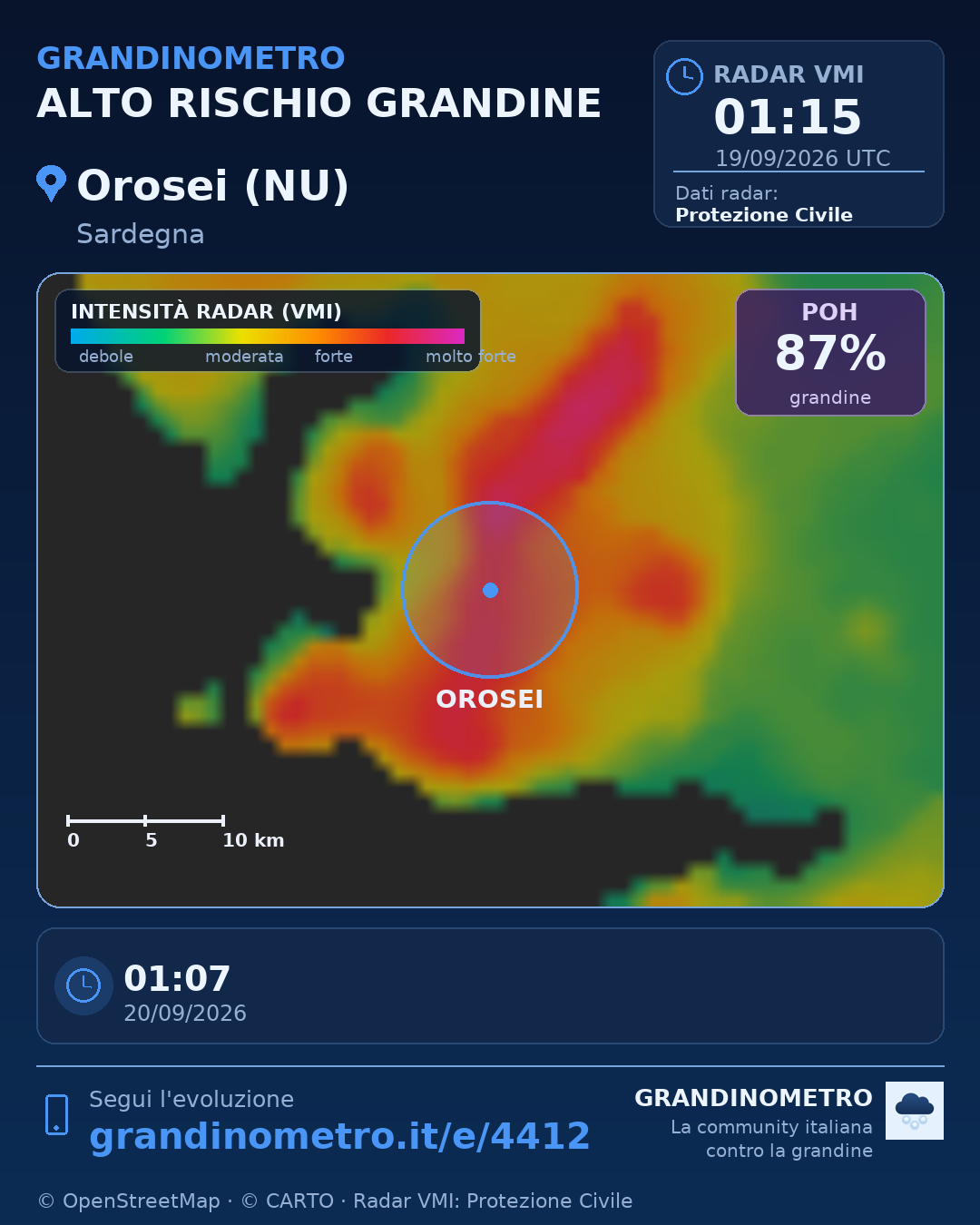 Mappa dell'evento: grandine a Orosei (NU)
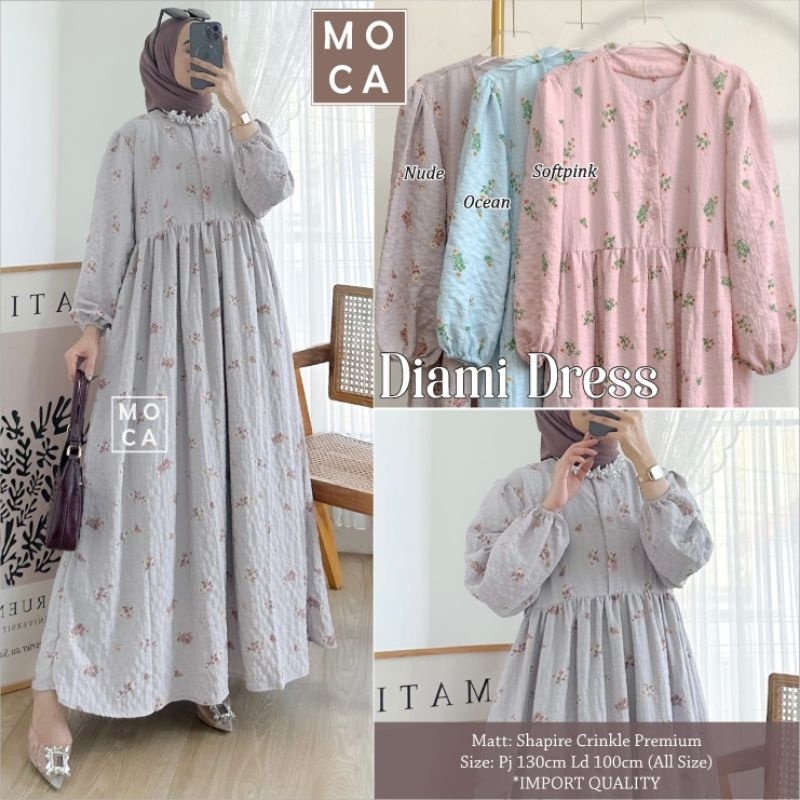 DIAMI DRESS ORI MOCA | Ld100 Shapire Crinkle Premiun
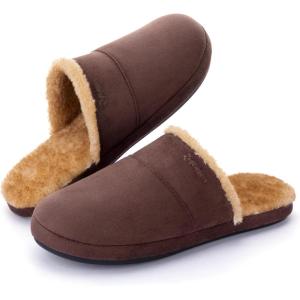 imageZigzagger Mens Fuzzy Scuff House Slippers Indoor Memory Foam Winter Warm House ShoesCoffee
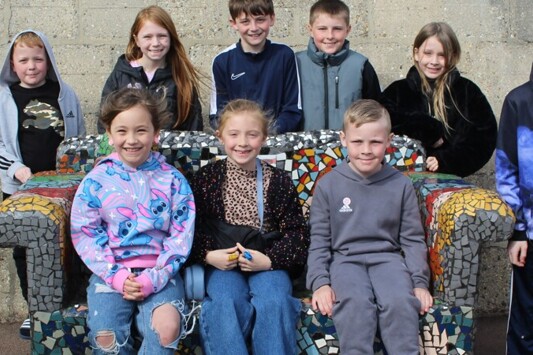 Primary school pupils who helped design the Diversity Bench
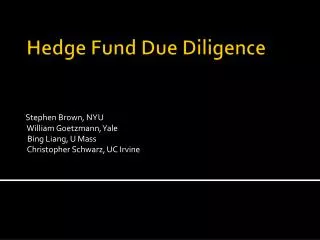 Hedge Fund Due Diligence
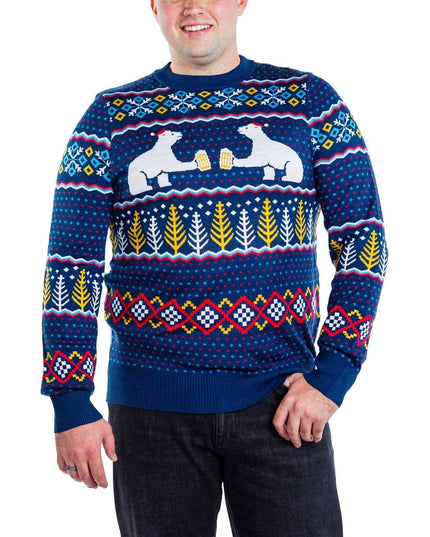 Men's Polar Bear Party Big and Tall Ugly Christmas Sweater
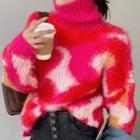 Turtleneck Pattern Sweater Red - One Size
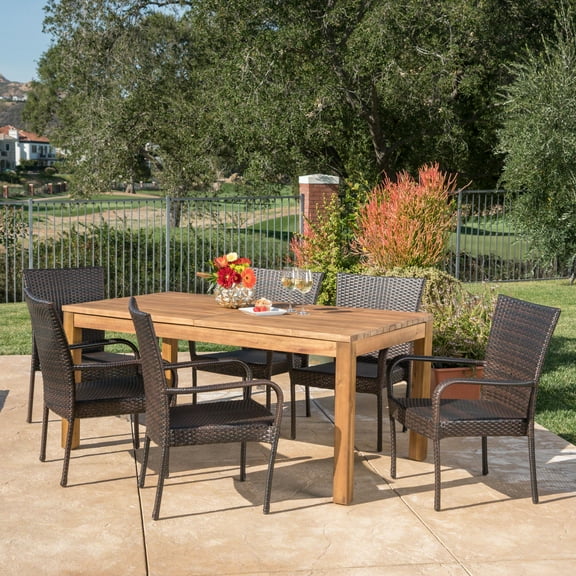 Sutton Outdoor 7 Piece Wicker Dining Set with Wood Expandable Dining Table,Teak Finish, Multibrown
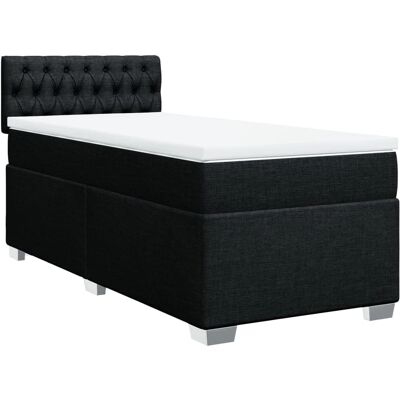 vidaXL Bett mit Matratze - Schwarz 120x200 cm, Modell Knopfhe vidaXL Bett mit Matratze - Schwarz 120x200 cm, Modell Knopfhe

^^^^

◆ Directions for this task
Look back over the records above. Reproduce exactly everything from the line with "imageZigzagger Mens Fuzzy" down to the line with "Turtleneck Pattern Sweater Red - One Size", inclusive, and leave the pictures out.

◆ Answer for this exercise
 imageZigzagger Mens Fuzzy Scuff House Slippers Indoor Memory Foam Winter Warm House ShoesCoffee
 Primary school pupils who helped design the Diversity Bench
 Hedge Fund Due Diligence
 Men's Polar Bear Party Big and Tall Ugly Christmas Sweater
 Turtleneck Pattern Sweater Red - One Size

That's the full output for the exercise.